Beyond Thiol-Enzyme Inhibition: Sterically Bulky NHC-Au(I) Complexes are Catalytically Active Anticancer Agents with Reprogrammed Immunomodulatory Function

Metallodrug-induced immunogenicity offers significant potential for improving the efficacy of cancer immunotherapy with metals such as gold serving as a notable example. However, heavy metals may concurrently disrupt immune cell function, and a few of them can augment immunogenicity without compromising immunological integrity. Here, we report sterically bulky Au(I) complexes as catalytically active anticancer agents with the capability to reprogram immunomodulatory function. Our initial studies identified complex IPr-Au-Cl, characterized by bulky substituents, which catalytically activated an alkyne probe in the presence of GSH and triggered hydride transfer from NADH to NAD⁺. Subsequent structural optimization led to the development of Au-8, which showed an increased catalytic activity and improved cytotoxicity against cancer cells.

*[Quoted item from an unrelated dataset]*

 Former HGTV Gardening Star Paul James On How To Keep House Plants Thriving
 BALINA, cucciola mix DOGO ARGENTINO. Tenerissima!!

Although Au-8 induced elevated ROS levels and immunogenic CRT exposure in cancer cells akin to auranofin, it triggered unique proteomic responses, notably showing minimal inhibition of thioredoxin reductase 1 (TrxR1), a crucial protein for maintaining immune cell function. Auranofin's inhibition of TrxR1 resulted in immunosuppression at one-seventh of its cytotoxic IC₅₀ against cancer cells. In contrast, Au-8 not only maintained but also enhanced immune function in vitro, ex vivo, and in vivo, including activated immunogenic phagocytosis and cytotoxic effects in human peripheral blood mononuclear cells isolated from healthy donors. This study, therefore, presents a novel design for gold compounds that leverages steric hindrance to achieve catalytic anticancer activity without affecting TrxR1, opening avenues for future gold-based therapeutics with desirable immunomodulatory effects.